Ce livre déploie une constellation d'essais qui, à la manière de figures en marge, esquissent une contre-histoire de l'art contemporain – ou plutôt une pluralité de contre-histoires. À travers l'examen de cas singuliers – tels que les théories cybernétiques de
Jack Burnham ou d'Abraham Moles, les actions invisibles dans l'espace urbain, les stratégies sonores héritées de
John Cage, les résurgences du maniérisme, ou encore les automates et machines conçus par des artistes et designers – il s'agit de tracer les contours d'un art qui, loin de se replier sur l'objet ou sur le cadre institutionnel, cherche à réinventer son rapport au monde, et qui n'est plus composé de tableaux, sculptures ou installations, mais de labyrinthes, de jardins et de robots.
Ce fil rouge est guidé par un impératif commun : dépasser l'asymétrie constitutive de la relation sujet-objet. Les œuvres analysées ne proposent pas seulement des formes artistiques, mais des modèles de mondes – des agencements où l'art n'est plus séparé de la nature mais l'intègre comme condition interne. Dans ce geste, l'observateur cesse d'être extérieur : il devient composant de l'œuvre, et plus largement, de la société envisagée comme milieu d'expérimentation esthétique.
Là où l'art moderne opposait souvent la nature à la culture, ces pratiques contemporaines opèrent un renversement fondamental : elles refusent la dialectique de l'altérité pour proposer une logique de la métamorphose et de la composition partagée. La nature y est pensée non comme origine, mais comme
destination commune – un lieu de résonances, de reconnaissances, d'alliances.
Dans un contexte marqué par la crise écologique et la remise en question des grands partages modernes, ces formes d'art anticipent une politique possible de la nature – ou mieux encore, un laboratoire expérimental de la
nature comme société. Un art qui ne se veut ni illustratif ni spéculatif, mais opératoire : un art où l'expérience devient forme, et où l'esthétique se redéfinit comme relation radicale avec le vivant.
Emanuele Quinz (né en 1973) est historien de l'art et du design, professeur à l'Université Paris 8 et enseignant-chercheur à l'
École nationale supérieure des Arts décoratifs. Ses recherches explorent les convergences entre les disciplines dans les pratiques artistiques contemporaines : des
arts plastiques à la
musique, de la
danse au
design. A la recherche, il associe la pratique de commissaire d'expositions.

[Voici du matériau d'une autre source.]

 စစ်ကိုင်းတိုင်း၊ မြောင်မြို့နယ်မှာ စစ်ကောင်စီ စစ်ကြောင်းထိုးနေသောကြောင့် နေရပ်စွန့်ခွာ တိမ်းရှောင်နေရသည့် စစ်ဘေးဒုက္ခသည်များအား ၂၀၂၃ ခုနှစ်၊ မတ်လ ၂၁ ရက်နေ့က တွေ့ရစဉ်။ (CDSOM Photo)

Emanuele Quinz codirige les collections
Design/Théories et
Médias/Théories aux Presses du réel. Parmi ses publications :
Le Cercle invisible. Environnements, systèmes, dispositifs (Les presses du réel, 2017),
Le comportement des choses (dir., Les presses du réel, 2021),
Strange Design (dir., avec J. Dautrey, Les presses du réel, 2024),
Ars naturans (Les presses du réel, 2025).